■ Data supplied ■
○ ○ ○ ○

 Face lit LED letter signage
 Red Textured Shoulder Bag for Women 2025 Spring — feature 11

○ ○ ○ ○

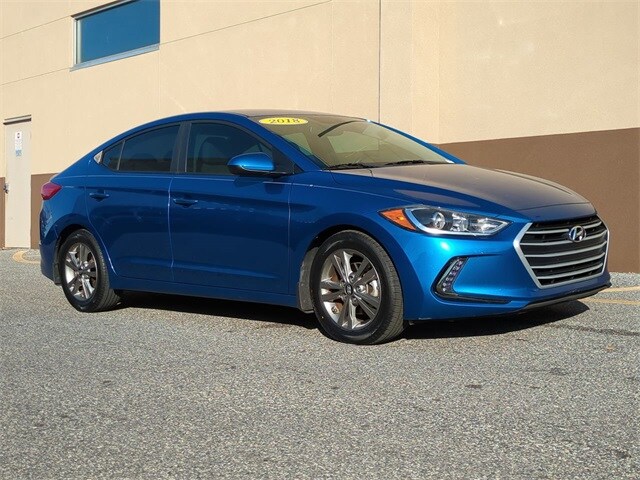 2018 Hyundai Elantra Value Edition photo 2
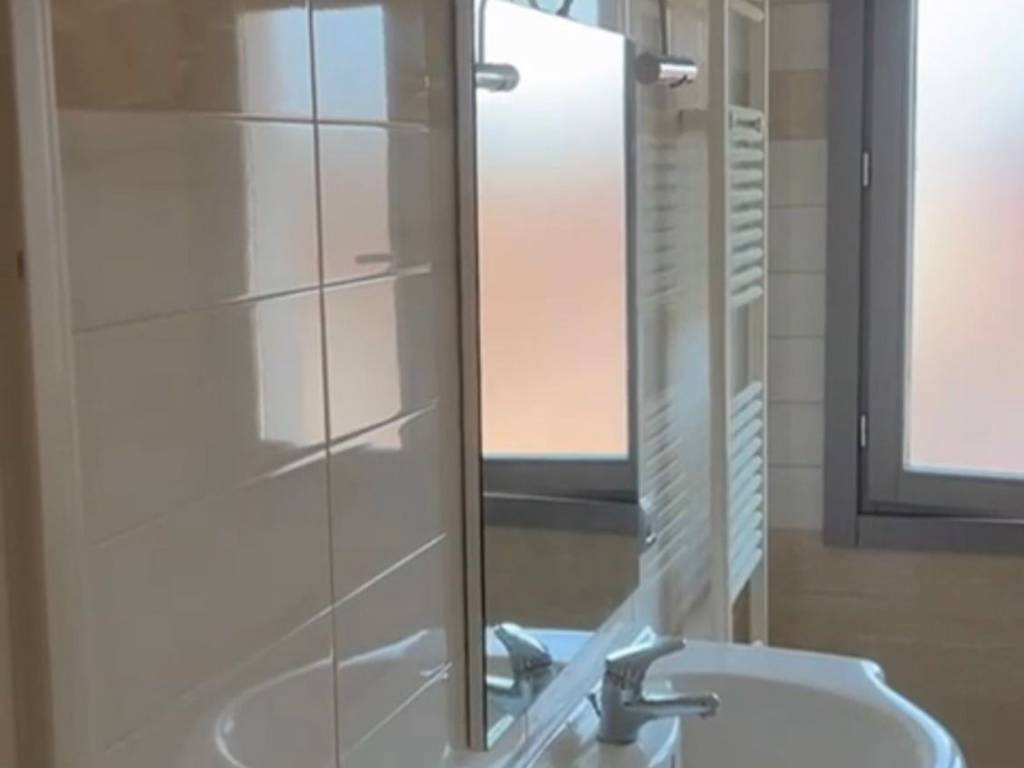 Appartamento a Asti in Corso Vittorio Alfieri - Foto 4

○ ○ ○ ○

■ The task ■
Would you copy the lines above exactly, starting with the one that has "2018 Hyundai Elantra Value Edition photo 2" and ending with the one that has "Appartamento a Asti", both included, without the pictures?

■ Exercise output ■
 2018 Hyundai Elantra Value Edition photo 2
 Appartamento a Asti in Corso Vittorio Alfieri - Foto 4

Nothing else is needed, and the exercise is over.